J’ai fini « L‘enchanteur » de René Barjavel.
Il s’agit de l’histoire des chevaliers de la table ronde en se basant sur la figure de Merlin, pivot de la saga, même si l’on peut s’éloigner de lui à plusieurs reprises. D’ailleurs c’est justement dans ces passages-là que je trouve le roman un peu moins bon.
Là où Barjavel a très bien réussi à humaniser le personnage tutélaire de Merlin, il n’a pas la même réussite avec d’autres figures de la légende, notamment Lancelot tellement obnubilé par son amour inconsidéré pour Guenièvre qu’il ne dégage rien d’autre d’intéressant. Cela permet néanmoins à l’auteur d’être particulièrement inspiré dans la romance. On passera aussi sur Galaad que Barjavel a réussi à ne pas rendre comme l’extrémiste religieux que les auteurs du 13e siècles ont créé, mais qui n’ayant quasiment pas d’autre motivation reste un personnage plat et sans saveur. Heureusement il n’apparait qu’à la fin du livre.

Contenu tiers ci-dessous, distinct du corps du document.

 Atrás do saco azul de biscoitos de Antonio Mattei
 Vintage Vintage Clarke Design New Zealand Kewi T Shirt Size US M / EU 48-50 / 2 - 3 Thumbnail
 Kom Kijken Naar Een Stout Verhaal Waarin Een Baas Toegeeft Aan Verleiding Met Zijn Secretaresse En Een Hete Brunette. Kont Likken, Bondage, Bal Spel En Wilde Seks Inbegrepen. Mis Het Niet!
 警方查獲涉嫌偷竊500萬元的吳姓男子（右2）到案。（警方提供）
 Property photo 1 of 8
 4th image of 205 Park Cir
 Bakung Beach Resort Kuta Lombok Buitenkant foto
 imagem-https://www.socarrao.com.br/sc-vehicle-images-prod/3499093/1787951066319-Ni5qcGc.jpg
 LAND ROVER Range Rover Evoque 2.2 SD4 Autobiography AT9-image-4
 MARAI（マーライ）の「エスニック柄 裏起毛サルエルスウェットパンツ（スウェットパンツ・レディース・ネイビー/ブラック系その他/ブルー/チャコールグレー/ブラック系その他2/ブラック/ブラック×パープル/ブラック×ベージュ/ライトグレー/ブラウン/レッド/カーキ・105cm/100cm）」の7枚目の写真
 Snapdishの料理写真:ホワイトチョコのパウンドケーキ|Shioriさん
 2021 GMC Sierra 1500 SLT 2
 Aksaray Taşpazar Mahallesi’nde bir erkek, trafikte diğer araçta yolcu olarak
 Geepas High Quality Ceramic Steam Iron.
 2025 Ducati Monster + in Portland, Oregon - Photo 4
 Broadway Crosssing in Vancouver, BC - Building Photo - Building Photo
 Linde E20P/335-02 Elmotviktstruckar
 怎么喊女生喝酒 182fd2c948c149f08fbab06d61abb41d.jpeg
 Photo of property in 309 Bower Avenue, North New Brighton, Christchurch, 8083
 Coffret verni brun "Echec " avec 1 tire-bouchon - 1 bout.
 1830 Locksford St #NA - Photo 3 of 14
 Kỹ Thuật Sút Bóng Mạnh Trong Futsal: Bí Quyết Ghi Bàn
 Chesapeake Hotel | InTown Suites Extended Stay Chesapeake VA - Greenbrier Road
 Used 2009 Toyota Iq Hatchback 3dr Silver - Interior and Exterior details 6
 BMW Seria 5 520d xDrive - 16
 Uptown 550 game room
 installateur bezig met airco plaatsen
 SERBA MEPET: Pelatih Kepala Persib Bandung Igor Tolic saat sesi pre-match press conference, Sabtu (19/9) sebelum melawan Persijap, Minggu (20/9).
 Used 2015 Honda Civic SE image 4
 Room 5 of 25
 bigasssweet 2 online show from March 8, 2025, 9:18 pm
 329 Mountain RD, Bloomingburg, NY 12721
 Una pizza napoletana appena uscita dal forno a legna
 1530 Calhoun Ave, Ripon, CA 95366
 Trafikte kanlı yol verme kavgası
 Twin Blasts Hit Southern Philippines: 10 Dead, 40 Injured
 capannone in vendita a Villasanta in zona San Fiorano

En résumé, malgré quelques défauts souvent inhérents à la légende Arthurienne, le roman de Barjavel est un excellent récit qui s’approprie certaines histoires de la table ronde pour les retranscrire dans un langage plus moderne mais sans perdre le lyrisme des aventures. Amateurs comme passionnés des légendes arthuriennes y trouveront largement leur compte.